Chrono Divide - (Part 4 - Cerita Klasik Yang Serupa)

39
4
Deskripsi

Dari gosip yang kudengar, ada kisah klasik yang menorehkan luka juga pada masa lalu sosok itu. Cerita klasik yang senada. Namun ada juga gosip nyeleneh lainnya, seperti kemungkinan dirinya menyukai pria? Heh? Nggak heran sih, ini kan Jakarta.

 

 

Part 4 – Cerita Klasik Yang Serupa

Awalnya aku pikir magang ini hanya akan menjadi batu loncatan. Tiga bulan, rasanya cukup untuk belajar sistem kerja profesional dan mungkin melupakan kisah yang memang hendak kulupakan, lalu kembali ke kampung halaman sebagai sosok baru yang sudah siap menghadapi kenyataan. Tapi ternyata, semuanya berkembang jauh di luar dugaanku.

Rutinitasku sekarang padat, kadang melelahkan, namun juga memicu semangat yang nggak pernah kurasakan sebelumnya. Pagi-pagi aku berdesakan di TransJakarta sambil nyempil baca notulen rapat di HP, kalau tidak bareng kak Larissa. Di kantor, aku ikut brainstorming, kadang hanya disuruh mencatat, kadang diminta pendapat. Dan kalau beruntung, idenya dipakai. Rasanya seperti berhasil tumbuh sedikit demi sedikit, dari semai menjadi tunas kecil yang mulai mencari cahaya dan bonusnya, urusan patah hati bisa sedikit terlupa di siang hari meski masih menyiksa di saat-saat menjelang tidur.

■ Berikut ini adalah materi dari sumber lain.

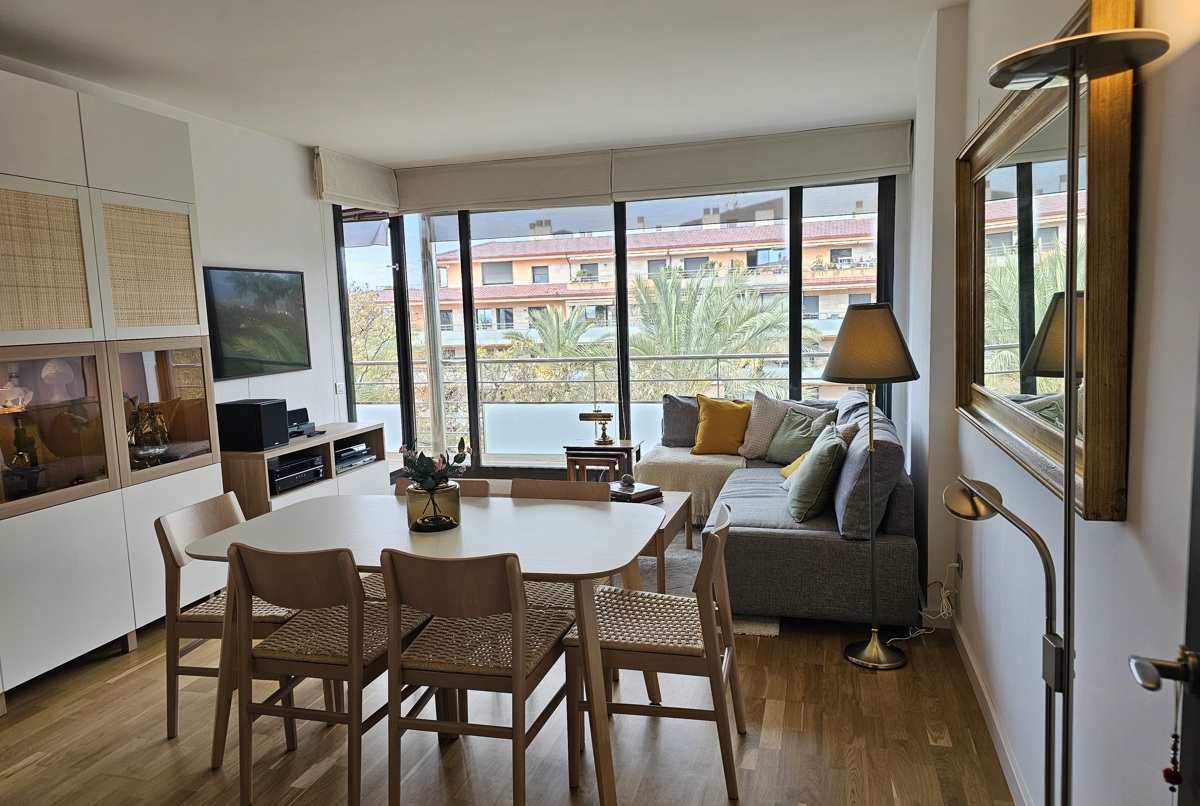 Live by an 11km beach within Barcelona metropole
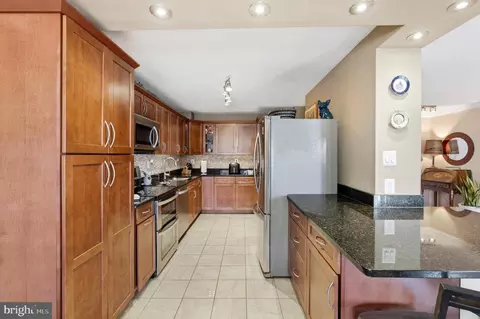 203 Yoakum Pkwy #410, Alexandria, VA 22304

Aku mulai akrab juga dengan teman-teman kantor. Walau awalnya canggung, mereka pelan-pelan menerima kehadiranku. Meski ya, satu hal yang belum berubah: panggilan itu.

“Eh, Gadis Desa! Nggak nyasar ke kantor pagi ini?” teriak Nando dari balik layar monitor.

Semua berpikir Jogja hanyalah sebuah desa kecil yang jauh dari keramaian dan aku nggak ingin repot-repot menjelaskan bahwa rumahku terletak di kotanya, kota Jogja.

Aku geleng-geleng saja sambil tertawa. “Yang penting datang tepat waktu, Do. Nggak kayak kamu.”

Mereka pikir itu cuma becandaan. Tapi kadang aku mikir, kenapa latar belakangku selalu dijadikan bahan candaan? Lalu aku sadar—aku bisa memilih untuk tersinggung, atau bersikap tak acuh saja. Karena toh, aku memang berasal dari daerah dan belum pernah hidup di Jakarta lebih lama dari tiga hari tiap berkunjung ke rumah mas Rama dulu.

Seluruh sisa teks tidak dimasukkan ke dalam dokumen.